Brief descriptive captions
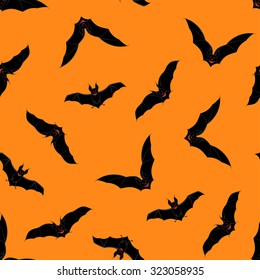 Halloween Holiday Seamless Pattern With Bats Over Orange Background for Creating Halloween Designs.  Vector illustration.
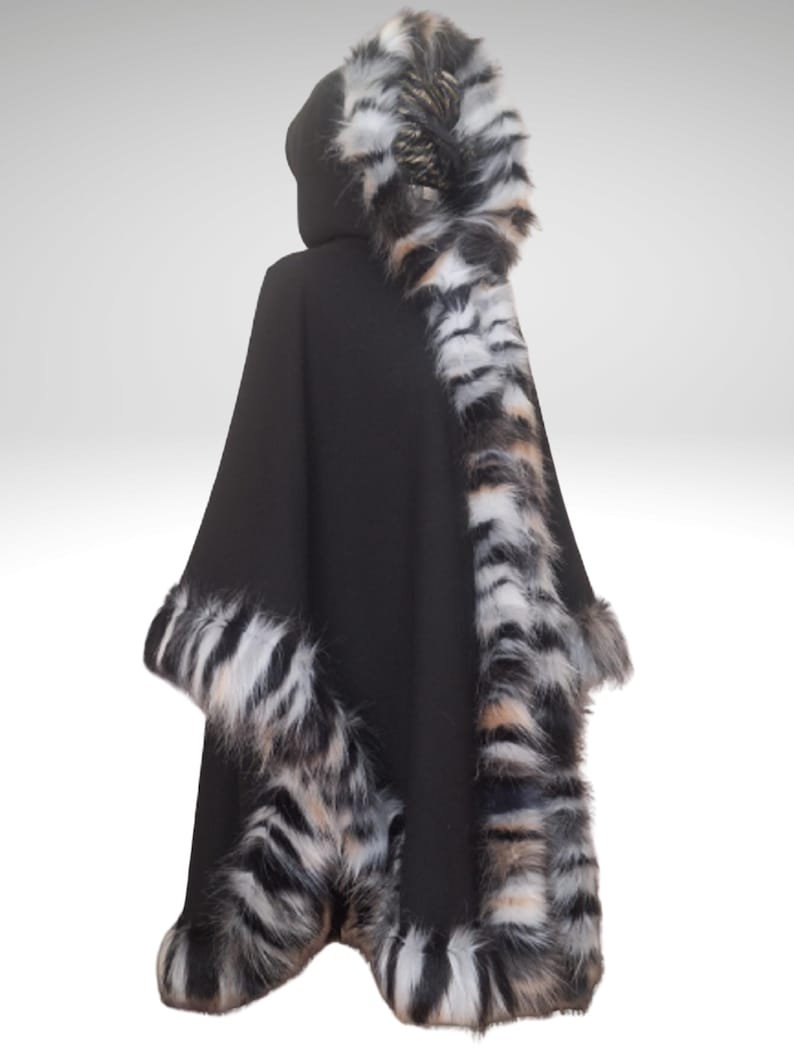 May include: Black hooded cape with faux fur trim. The cape features a hood and is trimmed with a striped pattern of black, white, and tan faux fur along the hood, sleeves, and hemline. The cape is made of a soft, dark fabric.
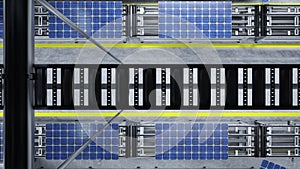 Top view of solar panel assembly line operated by high tech robot arms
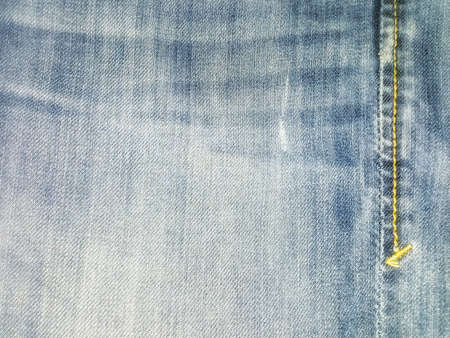 Blue jeans fabric with a seam and a string of threadsの写真素材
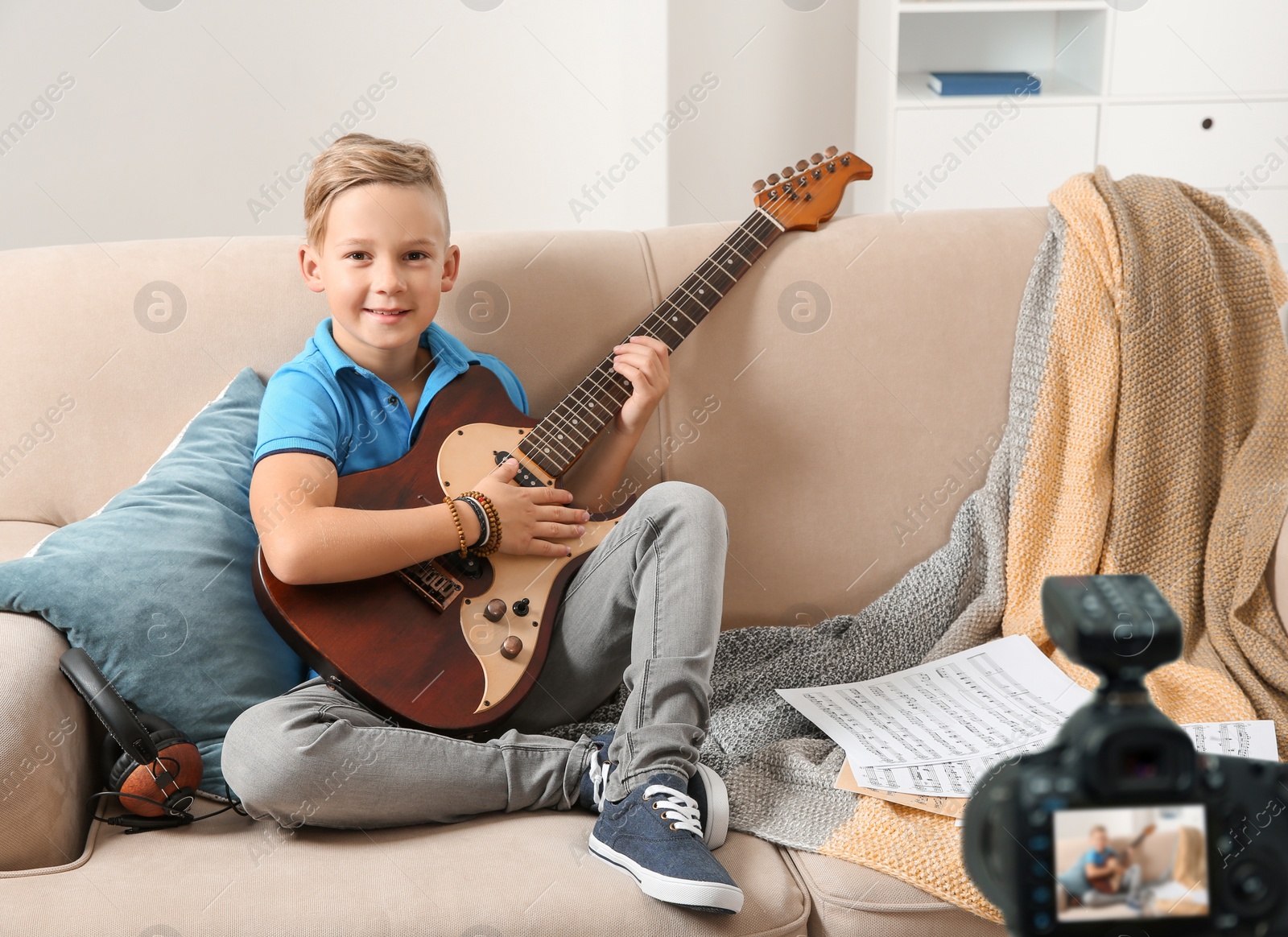 Image of Little music teacher recording guitar lesson indoors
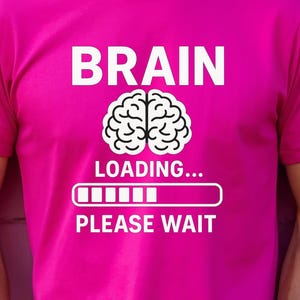 May include: A magenta t-shirt with the words "BRAIN" and "LOADING... PLEASE WAIT" in white, along with a brain graphic. The shirt is short-sleeved and worn by a person.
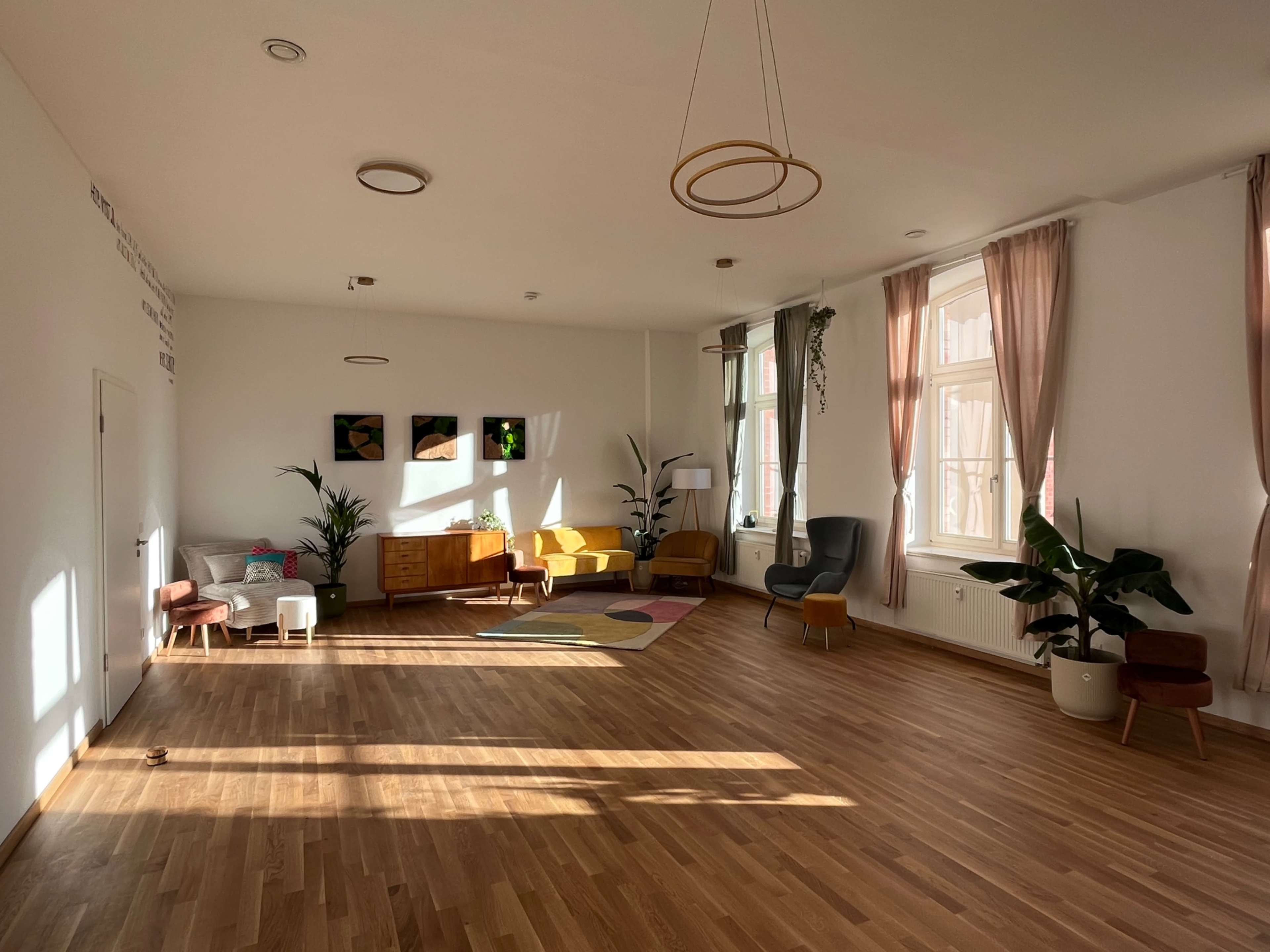 The image shows a spacious, sunlit room with wooden flooring, featuring various seating options and plants.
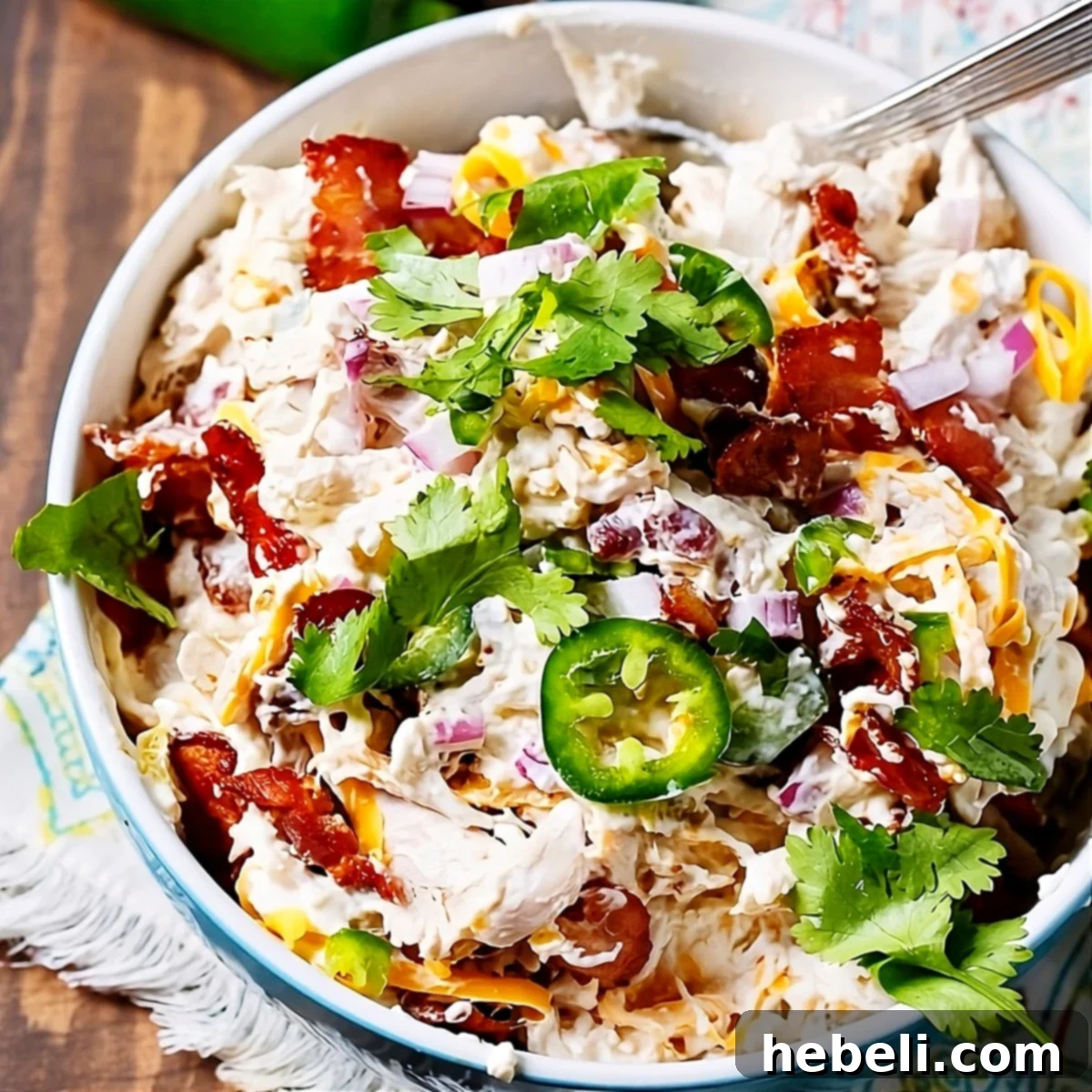 Loaded Jalapeno Popper Chicken Salad 2 Jalapeno Popper Chicken Salad in a serving bowl, showcasing its creamy texture and vibrant ingredients.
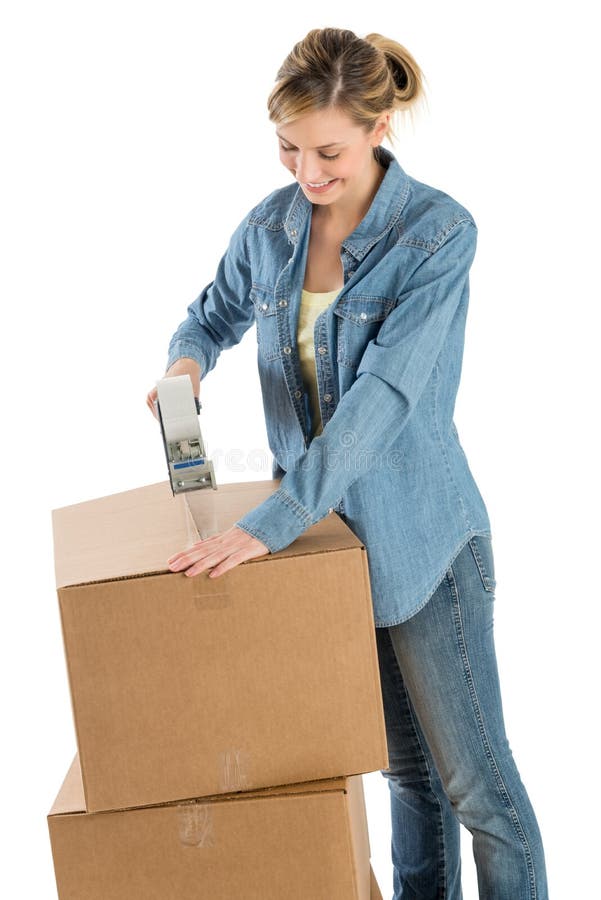 Beautiful Woman Taping Cardboard Boxes royalty free stock photography Beautiful Woman Taping Cardboard Boxes royalty free stock photography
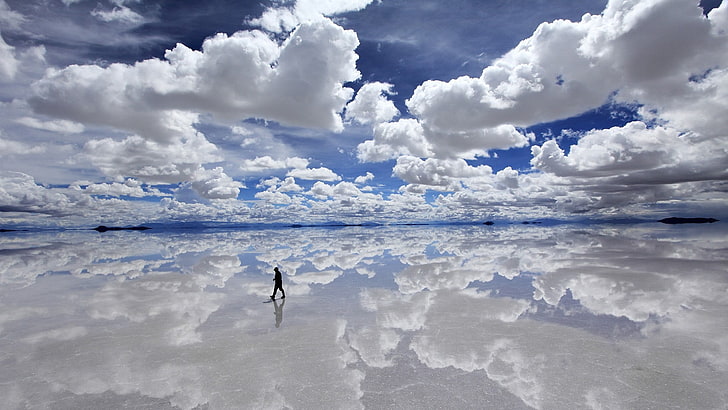 person walking on sea under blue and white sky, landscape, water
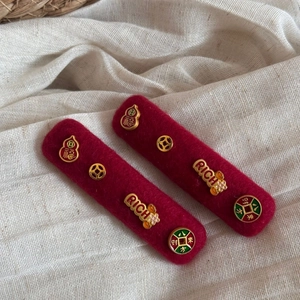 Detail of red felt hair clips with golden lucky charms and Rich letter tag on linen cloth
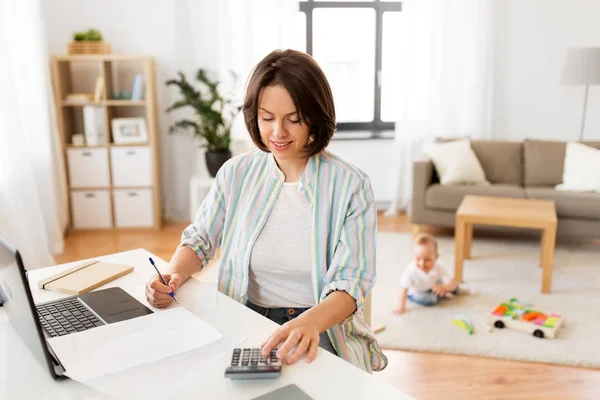 Werkende moeder rekent op Rekenmachine en baby — Stockfoto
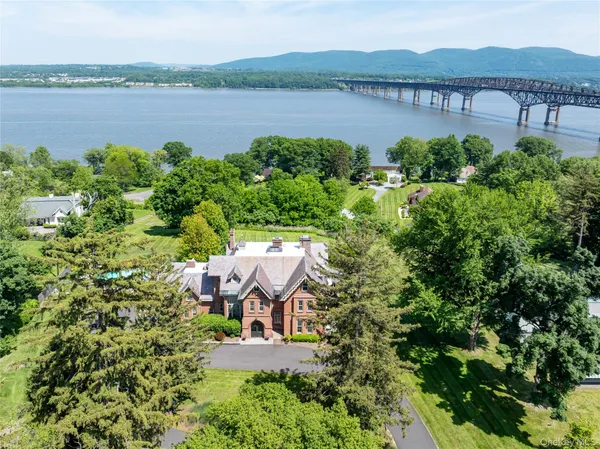 an aerial view of a house with a lake view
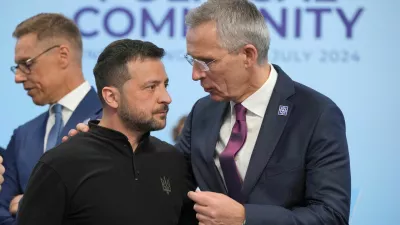 FILE PHOTO: Ukrainian President Volodymyr Zelenskiy speaks to the Nato Secretary General Jens Stoltenberg before the first plenary session at the European Political Community meeting at Blenheim Palace in Woodstock, Britain, Thursday, July 18, 2024. Kin Cheung/Pool via REUTERS/File Photo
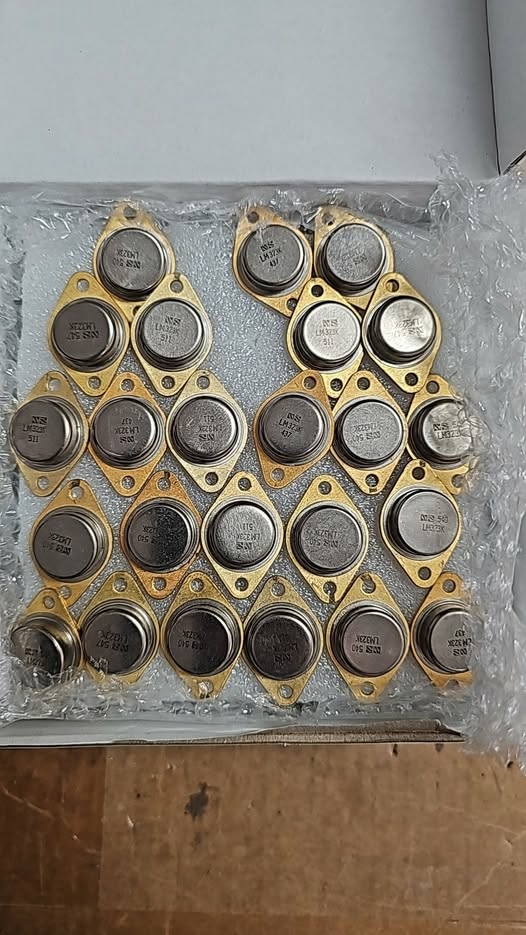 1974 and 1975 LM323K 5V voltage regulators in TO-3 metal can packages with gold-base construction for Apple-1 and early microcomputer power supply restoration.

- Task brief:
Above are some records; quote exactly and only the lines that begin at the line containing "May include: A" and stop after the line containing "The image shows", leaving out the pictures.

- Answer space:
 May include: A magenta t-shirt with the words "BRAIN" and "LOADING... PLEASE WAIT" in white, along with a brain graphic. The shirt is short-sleeved and worn by a person.
 The image shows a spacious, sunlit room with wooden flooring, featuring various seating options and plants.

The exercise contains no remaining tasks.